Camcorder
Camcorder (okunuşu: kemkordır), hem (video) film çekmek hem de oynatmak için kullanılabilen, video (film) kamerası. İngilizce Camera ve Recorder sözcüklerinden türetilmiş bir bileşik kelimedir.
Camcorder sözcüğüne, henüz TDK tarafından bir Türkçe karşılık önerilmemiş olmakla birlikte, 1985 yılında yayınlanan "Işıkizi fotoğrafçılık terimleri sözlüğünde", Günlük olarak tutulan ve geçmişi anlatan kişisel notlara günlük ya da günce, geçmişi anlatan görsel kayıtlara ise izlek denilmiştir. Buna göre, bir olayı görsel olarak anlatan, her türlü kayıt bir izlektir.
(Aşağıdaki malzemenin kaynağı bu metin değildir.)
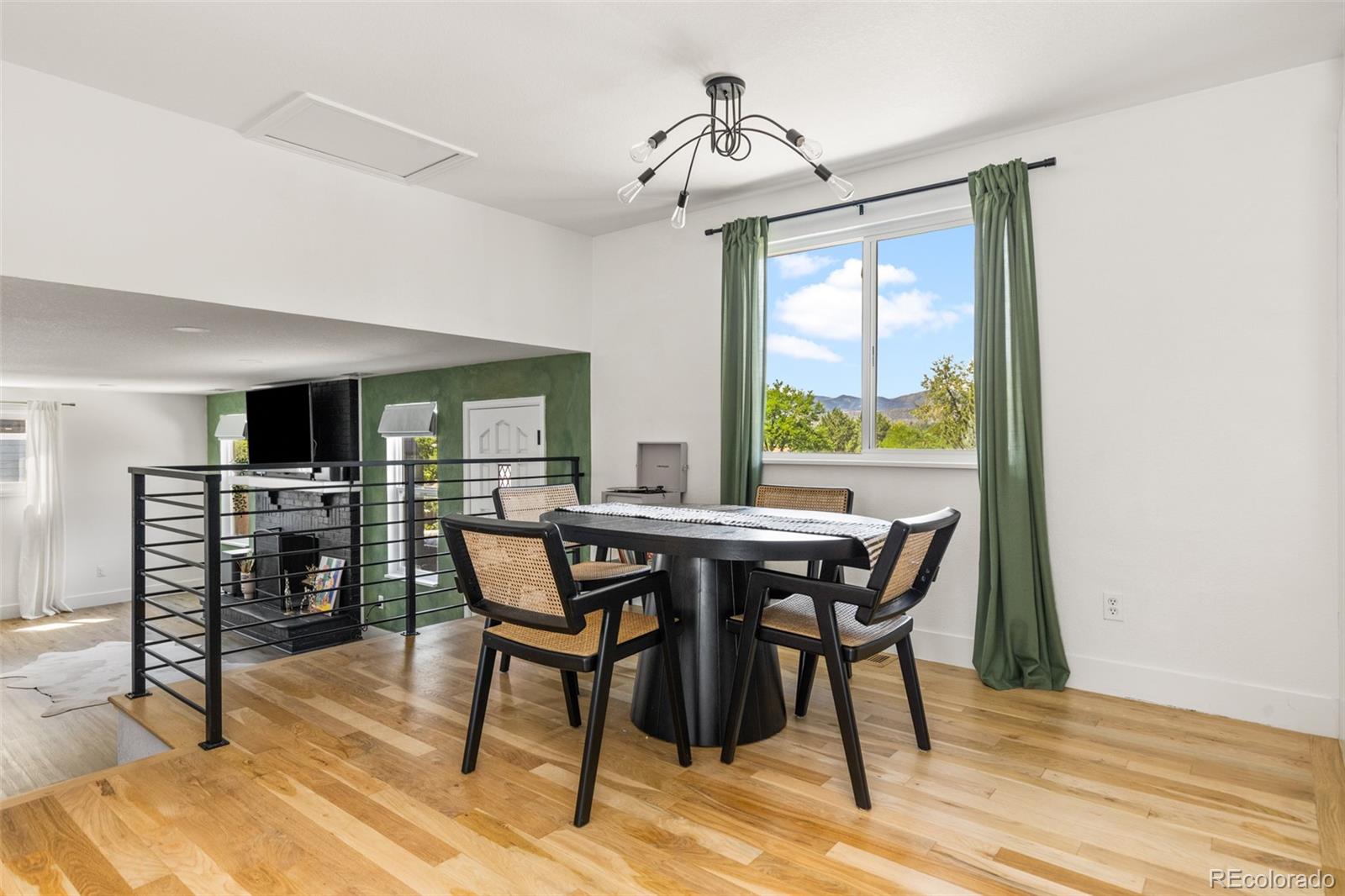 MLS Image #26 for 7327 s carr court,littleton, Colorado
Bu tanımın, "kaydedilmiş film ya da video görüntüsü anlamına geldiği görülecektir. Aynı sözlükte, video kamerası izçeker, çekilen filmi oynatmak için kullanılan aygıt ise izçözer olarak adlandırılmıştır.
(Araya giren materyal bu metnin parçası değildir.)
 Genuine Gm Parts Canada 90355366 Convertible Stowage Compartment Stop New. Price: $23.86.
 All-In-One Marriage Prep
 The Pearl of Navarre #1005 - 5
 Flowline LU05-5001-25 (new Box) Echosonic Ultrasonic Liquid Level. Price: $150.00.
Hareketli görüntüler çeken kameraların tümü (film ya da video kamerası) optik bir yanılsama temeli üzerine kurulmuştur. Buna göre, artarda çekilen resimler, belli bir hızla gösterildiği takdirde, göze, hareket ediyormuş gibi görünür. Gerek film kamerası gerekse video kamerası bu prensipten yola çıkarak geliştirilmiştir.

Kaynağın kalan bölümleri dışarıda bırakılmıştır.